A finales de 1997, James Cameron estrenó su película más “titánica”, dejando tras él un legado de 11 Oscars, 1.800 millones de dólares de recaudación mundial y una autoproclamación de que era “el rey del mundo”. A día de hoy, su nueva película comercial tras 12 años de ausencia ha vuelto a encumbrarle como el rey del mundo (Hollywood), demostrando que el único capaz de superar a Cameron es el propio Cameron. Desde que se supo la noticia del rodaje de Avatar, allá por Junio del 2005, todos los ojos del mundo del cine (tanto de la industria como del propio público) han estado esperando ansiosos por ver su nueva obra, ya que Cameron decía que la técnica 3D con la que rodaría la película revolucionaría el cine.

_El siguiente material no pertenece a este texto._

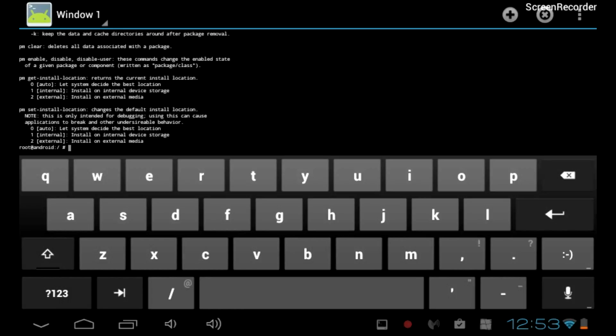Auto, which will let the system decide the best location. Internal, which will install on the internal device storage.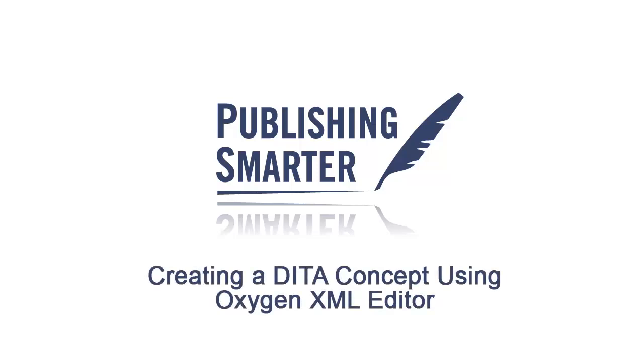Welcome to Publishing Smarter's video series for Best Practices in Professional Technical Communications. Together, let's go over how to create and develop the concept element and talk a bit about its importance.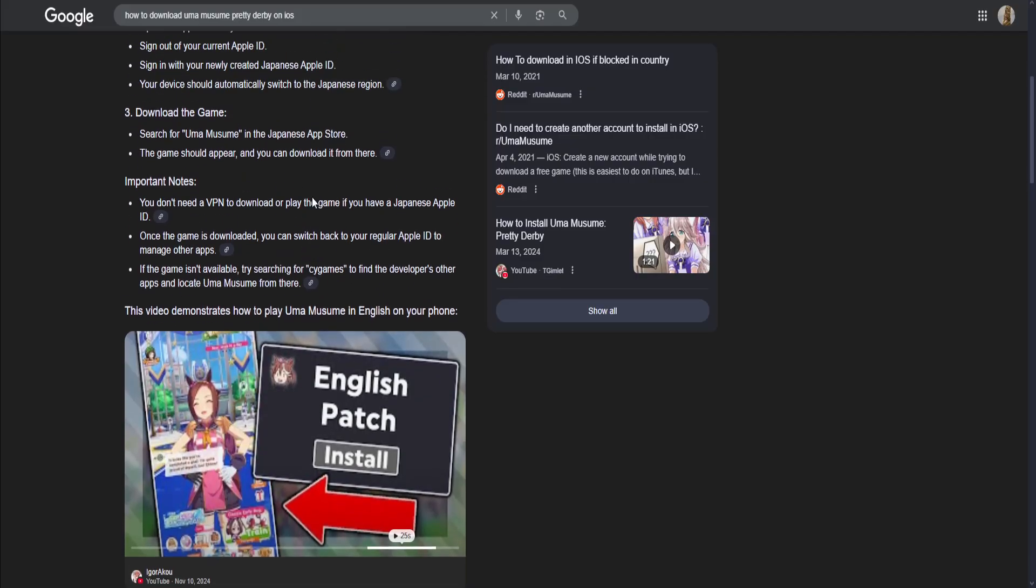Finally, download the game. Search for Umamuzume in the Japanese app store. The game should appear and you can download it from there.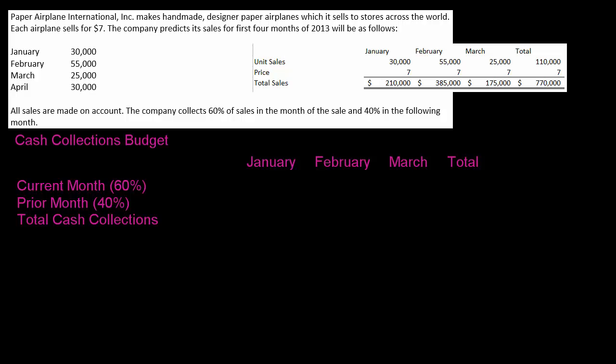In this video we're going to talk about the cash collections budget. Some textbooks you're going to see the cash collections budget is broken out by itself. In other books you're going to see it part of your cash budget. But this is something that I want to take some time with because students tend to have a lot of trouble with this.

Desde su estreno, Avatar ha batido todos los records de taquilla (incluso los de la propia Titanic) y records de amantes/detractores a partes iguales. De estos últimos el argumento más sólido en el que se apoyan es que dicen que el guión de James Cameron está poco trabajado, que es muy simple, que está plagiado de historias mil veces vistas. Es indudable que la base sobre la que se asienta ya se ha visto otras veces (hombre que visita una cultura tecnológicamente inferior, cuyos superiores pretenden eliminarla pero de la que él se enamora y ahora deberá luchar por ella –Bailando con Lobos, Pocahontas, El Último Samurái-), pero con esta estrategia Cameron no puede demostrar más inteligencia por su parte, ya que al desarrollar una historia sencilla (que no simple) se asegura un abanico de espectadores más amplio todavía. Además, el cine de Cameron siempre se ha construido sobre historias sencillas, sobre sinopsis que bien podrían resumirse en dos líneas; lo que no se comprende es por qué ahora parte del público le exige algo que nunca ha hecho y de lo que nadie se había quejado hasta ahora (sinceramente, porque no hay de qué quejarse). Aun así, Cameron nos vuelve a dar una historia para todos los públicos, para todas las edades, sin excluir a nadie y ofreciéndonos exactamente aquello que los espectadores hemos ido a buscar: la aventura, el descubrir un mundo nuevo, el romance, la acción, la emoción. Todo de la mano de un realizador cuyo mayor objetivo a lo largo de toda su carrera ha sido el público, que es al fin y al cabo a quien deben ir dirigidas las películas.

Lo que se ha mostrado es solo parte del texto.